- **EXERCISE**:
Reproduce the entries so that every line matches the original exactly.

[Items from a dataset]
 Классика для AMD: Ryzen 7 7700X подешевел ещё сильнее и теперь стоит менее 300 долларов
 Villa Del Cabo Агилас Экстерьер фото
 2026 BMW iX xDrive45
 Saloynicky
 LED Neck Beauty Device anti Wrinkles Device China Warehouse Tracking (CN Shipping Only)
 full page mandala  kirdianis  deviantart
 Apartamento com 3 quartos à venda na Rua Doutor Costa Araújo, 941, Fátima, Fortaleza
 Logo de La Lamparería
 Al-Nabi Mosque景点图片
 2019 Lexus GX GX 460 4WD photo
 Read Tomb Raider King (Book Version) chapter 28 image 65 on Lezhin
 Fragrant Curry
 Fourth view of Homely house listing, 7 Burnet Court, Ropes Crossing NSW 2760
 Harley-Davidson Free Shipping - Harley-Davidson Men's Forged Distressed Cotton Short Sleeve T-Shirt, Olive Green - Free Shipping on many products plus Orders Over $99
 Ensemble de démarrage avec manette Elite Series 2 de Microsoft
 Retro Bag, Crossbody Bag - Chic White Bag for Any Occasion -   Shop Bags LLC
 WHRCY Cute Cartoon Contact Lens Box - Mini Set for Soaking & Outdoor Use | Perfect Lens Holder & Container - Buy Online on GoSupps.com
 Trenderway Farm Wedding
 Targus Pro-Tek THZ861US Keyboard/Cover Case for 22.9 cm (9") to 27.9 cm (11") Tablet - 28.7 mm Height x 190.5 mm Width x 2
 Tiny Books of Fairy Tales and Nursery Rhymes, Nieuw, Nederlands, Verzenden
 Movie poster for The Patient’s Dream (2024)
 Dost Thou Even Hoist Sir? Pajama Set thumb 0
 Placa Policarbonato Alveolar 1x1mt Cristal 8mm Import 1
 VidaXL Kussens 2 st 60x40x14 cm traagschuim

- **SOLUTION TO THIS PROBLEM**:
 Классика для AMD: Ryzen 7 7700X подешевел ещё сильнее и теперь стоит менее 300 долларов
 Villa Del Cabo Агилас Экстерьер фото
 2026 BMW iX xDrive45
 Saloynicky
 LED Neck Beauty Device anti Wrinkles Device China Warehouse Tracking (CN Shipping Only)
 full page mandala  kirdianis  deviantart
 Apartamento com 3 quartos à venda na Rua Doutor Costa Araújo, 941, Fátima, Fortaleza
 Logo de La Lamparería
 Al-Nabi Mosque景点图片
 2019 Lexus GX GX 460 4WD photo
 Read Tomb Raider King (Book Version) chapter 28 image 65 on Lezhin
 Fragrant Curry
 Fourth view of Homely house listing, 7 Burnet Court, Ropes Crossing NSW 2760
 Harley-Davidson Free Shipping - Harley-Davidson Men's Forged Distressed Cotton Short Sleeve T-Shirt, Olive Green - Free Shipping on many products plus Orders Over $99
 Ensemble de démarrage avec manette Elite Series 2 de Microsoft
 Retro Bag, Crossbody Bag - Chic White Bag for Any Occasion -   Shop Bags LLC
 WHRCY Cute Cartoon Contact Lens Box - Mini Set for Soaking & Outdoor Use | Perfect Lens Holder & Container - Buy Online on GoSupps.com
 Trenderway Farm Wedding
 Targus Pro-Tek THZ861US Keyboard/Cover Case for 22.9 cm (9") to 27.9 cm (11") Tablet - 28.7 mm Height x 190.5 mm Width x 2
 Tiny Books of Fairy Tales and Nursery Rhymes, Nieuw, Nederlands, Verzenden
 Movie poster for The Patient’s Dream (2024)
 Dost Thou Even Hoist Sir? Pajama Set thumb 0
 Placa Policarbonato Alveolar 1x1mt Cristal 8mm Import 1
 VidaXL Kussens 2 st 60x40x14 cm traagschuim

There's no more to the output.